Collected data entries
_ _ _ _
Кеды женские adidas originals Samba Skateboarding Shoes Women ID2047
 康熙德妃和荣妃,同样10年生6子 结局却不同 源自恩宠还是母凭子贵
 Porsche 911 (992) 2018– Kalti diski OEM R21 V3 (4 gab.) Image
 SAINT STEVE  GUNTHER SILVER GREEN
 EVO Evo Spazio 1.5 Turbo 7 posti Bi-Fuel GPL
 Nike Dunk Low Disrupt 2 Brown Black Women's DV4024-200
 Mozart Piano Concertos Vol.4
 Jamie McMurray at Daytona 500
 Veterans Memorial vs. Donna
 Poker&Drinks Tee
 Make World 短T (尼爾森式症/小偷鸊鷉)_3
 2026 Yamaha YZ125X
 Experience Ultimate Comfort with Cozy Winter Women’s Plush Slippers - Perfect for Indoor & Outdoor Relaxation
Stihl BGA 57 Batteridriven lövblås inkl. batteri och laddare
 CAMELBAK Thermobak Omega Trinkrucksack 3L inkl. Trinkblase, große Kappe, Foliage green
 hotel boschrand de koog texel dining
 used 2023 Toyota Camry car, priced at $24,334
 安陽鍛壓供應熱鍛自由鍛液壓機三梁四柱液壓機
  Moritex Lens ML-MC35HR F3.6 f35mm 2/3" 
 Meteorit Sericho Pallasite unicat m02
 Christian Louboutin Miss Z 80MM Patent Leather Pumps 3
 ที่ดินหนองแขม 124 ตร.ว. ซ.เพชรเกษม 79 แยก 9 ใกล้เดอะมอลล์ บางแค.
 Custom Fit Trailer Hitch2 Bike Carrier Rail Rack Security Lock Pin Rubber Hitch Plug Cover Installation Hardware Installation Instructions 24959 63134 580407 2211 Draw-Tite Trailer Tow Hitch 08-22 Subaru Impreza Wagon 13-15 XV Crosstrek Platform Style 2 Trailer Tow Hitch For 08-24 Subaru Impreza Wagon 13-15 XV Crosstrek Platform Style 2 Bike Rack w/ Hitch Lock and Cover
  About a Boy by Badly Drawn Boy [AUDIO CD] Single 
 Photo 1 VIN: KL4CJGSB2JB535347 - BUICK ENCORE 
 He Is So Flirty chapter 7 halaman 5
_ _ _ _
WORK REQUIRED
Give the records again, exactly as they appear.

ANSWER SECTION
Кеды женские adidas originals Samba Skateboarding Shoes Women ID2047
 康熙德妃和荣妃,同样10年生6子 结局却不同 源自恩宠还是母凭子贵
 Porsche 911 (992) 2018– Kalti diski OEM R21 V3 (4 gab.) Image
 SAINT STEVE  GUNTHER SILVER GREEN
 EVO Evo Spazio 1.5 Turbo 7 posti Bi-Fuel GPL
 Nike Dunk Low Disrupt 2 Brown Black Women's DV4024-200
 Mozart Piano Concertos Vol.4
 Jamie McMurray at Daytona 500
 Veterans Memorial vs. Donna
 Poker&Drinks Tee
 Make World 短T (尼爾森式症/小偷鸊鷉)_3
 2026 Yamaha YZ125X
 Experience Ultimate Comfort with Cozy Winter Women’s Plush Slippers - Perfect for Indoor & Outdoor Relaxation
Stihl BGA 57 Batteridriven lövblås inkl. batteri och laddare
 CAMELBAK Thermobak Omega Trinkrucksack 3L inkl. Trinkblase, große Kappe, Foliage green
 hotel boschrand de koog texel dining
 used 2023 Toyota Camry car, priced at $24,334
 安陽鍛壓供應熱鍛自由鍛液壓機三梁四柱液壓機
  Moritex Lens ML-MC35HR F3.6 f35mm 2/3" 
 Meteorit Sericho Pallasite unicat m02
 Christian Louboutin Miss Z 80MM Patent Leather Pumps 3
 ที่ดินหนองแขม 124 ตร.ว. ซ.เพชรเกษม 79 แยก 9 ใกล้เดอะมอลล์ บางแค.
 Custom Fit Trailer Hitch2 Bike Carrier Rail Rack Security Lock Pin Rubber Hitch Plug Cover Installation Hardware Installation Instructions 24959 63134 580407 2211 Draw-Tite Trailer Tow Hitch 08-22 Subaru Impreza Wagon 13-15 XV Crosstrek Platform Style 2 Trailer Tow Hitch For 08-24 Subaru Impreza Wagon 13-15 XV Crosstrek Platform Style 2 Bike Rack w/ Hitch Lock and Cover
  About a Boy by Badly Drawn Boy [AUDIO CD] Single 
 Photo 1 VIN: KL4CJGSB2JB535347 - BUICK ENCORE 
 He Is So Flirty chapter 7 halaman 5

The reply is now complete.